You should be aware that UDP is meant for low latency transmission of a few topics. From the manual: Note that the UDP implementation is meant to be used with small data volumes and low update rates. It is the user’s responsibility to only enable short messages at low rate when using UDP, in order to prevent throughput degradation of the network. Nevertheless, I have used it with high update rates without any problem but it is advisable to watch the CPU load.

abaeyens-imod commented 8 months ago

thank you @thomasemter for looking into this.

Unfortunately, we're still experiencing issues. Sometimes it works very well, with ROS messages on topic twist_ins being timestamped and arriving at a steady 100 Hz (<5 ms in TCP and < 2 ms UDP), while at other times we see an interval on the order of 100 ms between subsequent messages and UDP mode not even working.

Today we tested with several devices. All the tried configurations reproduced the same undesired result of having a gap of at least 20 ms somewhere in every subsequent 100 messages.
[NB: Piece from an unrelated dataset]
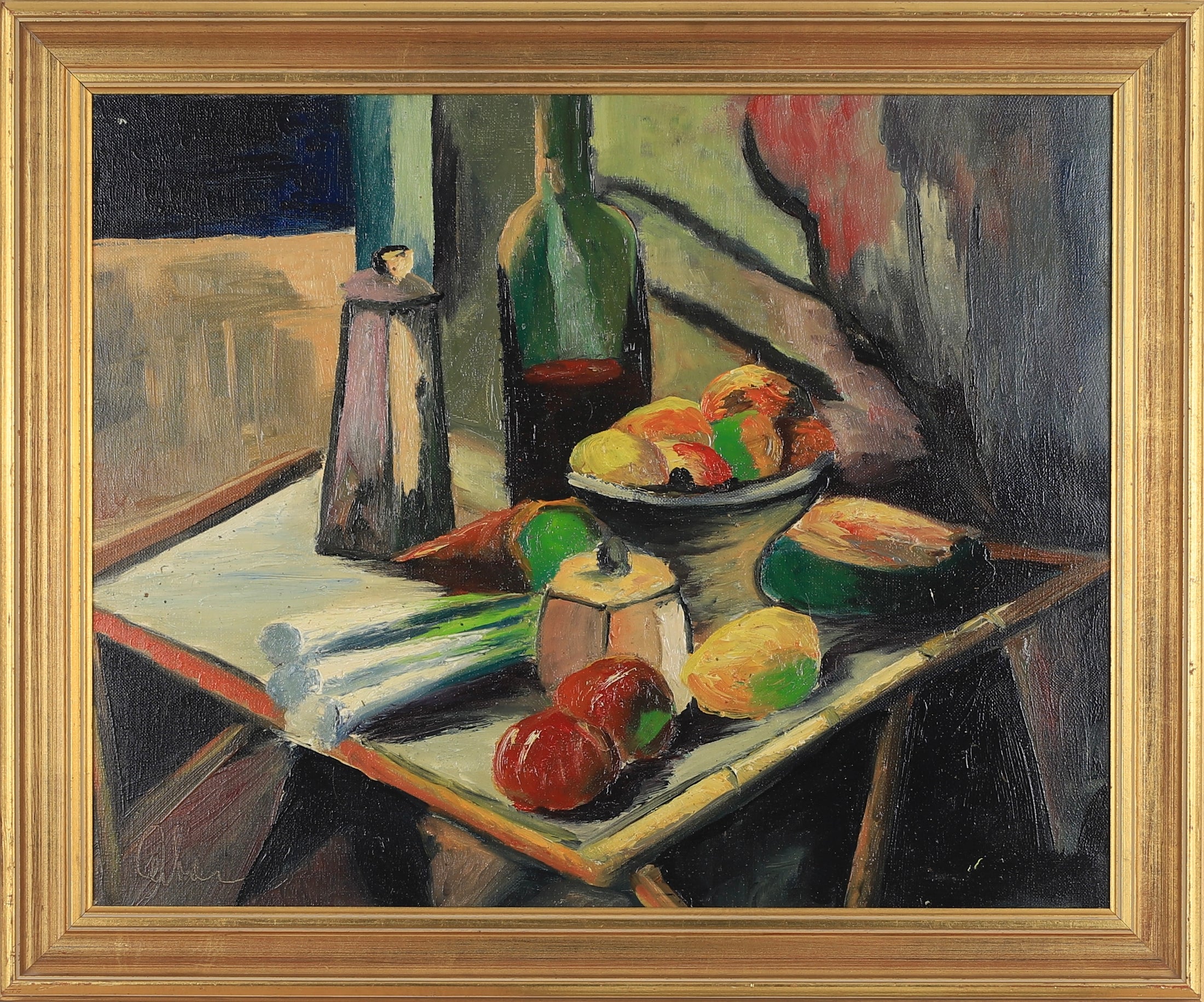Vintage Art Room Oil Painting Kitchen Still Life From Sweden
We tried two routers, two network switches, two different laptops with a different OS version (Ubuntu 20.04 and 22.04) and ROS distributions (Foxy and Humble), four ways of connecting to the router (native gigabit port, two different USB-to-ethernet adapters and wifi). Internet access was disabled on the router side, the CPU load on the computer was negligible (< 10 %) and only two devices were connected to the router's switch (the Septentrio and our computer running ROS).

Capturing the TCP traffic with Wireshark showed that now and then there's a long delay - e.g. 80 ms - between subsequent TCP packets.
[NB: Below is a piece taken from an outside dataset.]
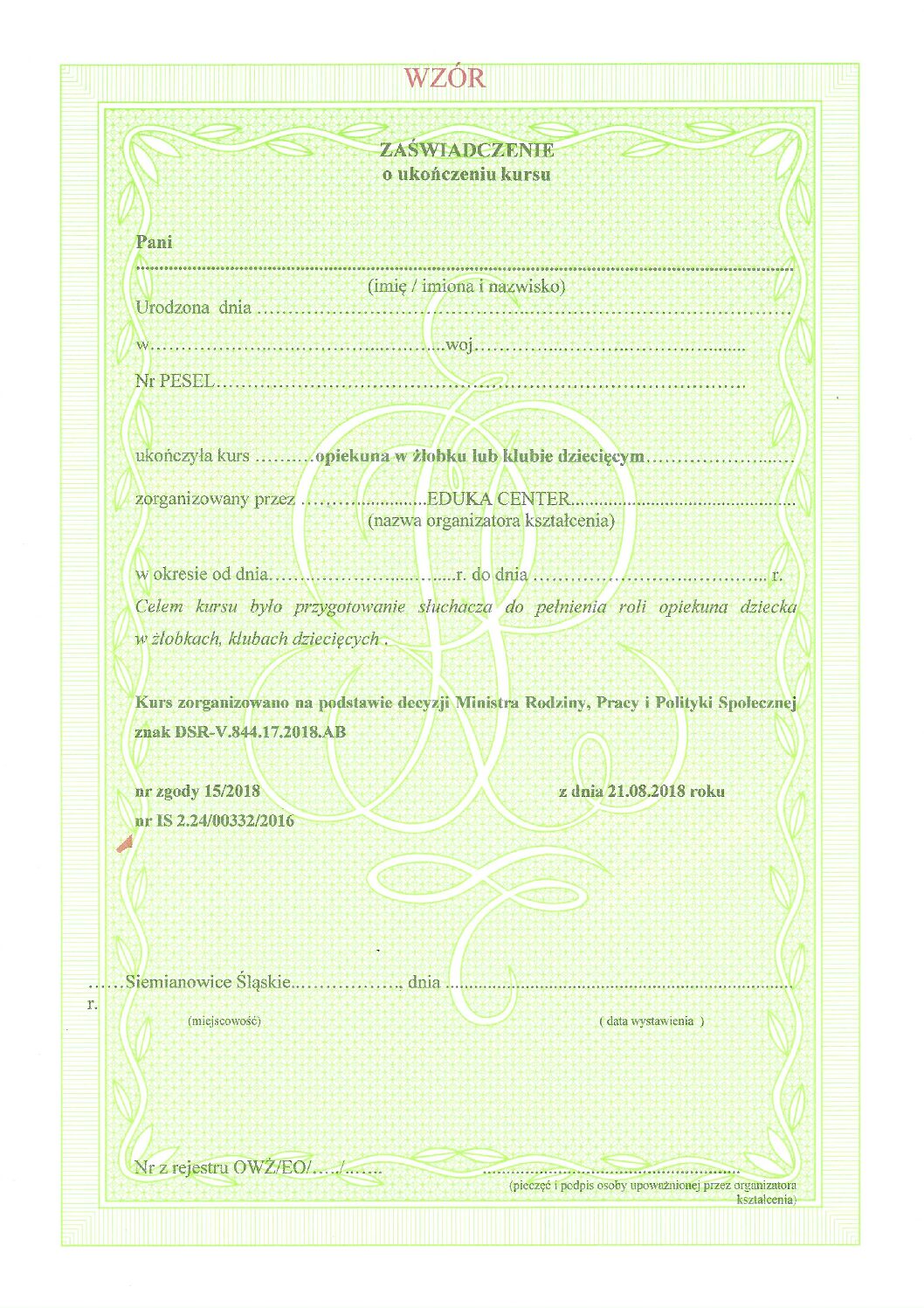 Zaświadczenie Opiekun w żłobku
Enabling UDP mode caused UDP packages to show up in Wireshark, however the Septentrio node didn't publish any messages on the twist_ins topic. It did max out one CPU core though. This did work in the past.

I assume we're making some error in a configuration somewhere, however it is unclear to me where. We would greatly appreciate any suggestions on how to resolve this. In case there is a need for more information from our side, please let know.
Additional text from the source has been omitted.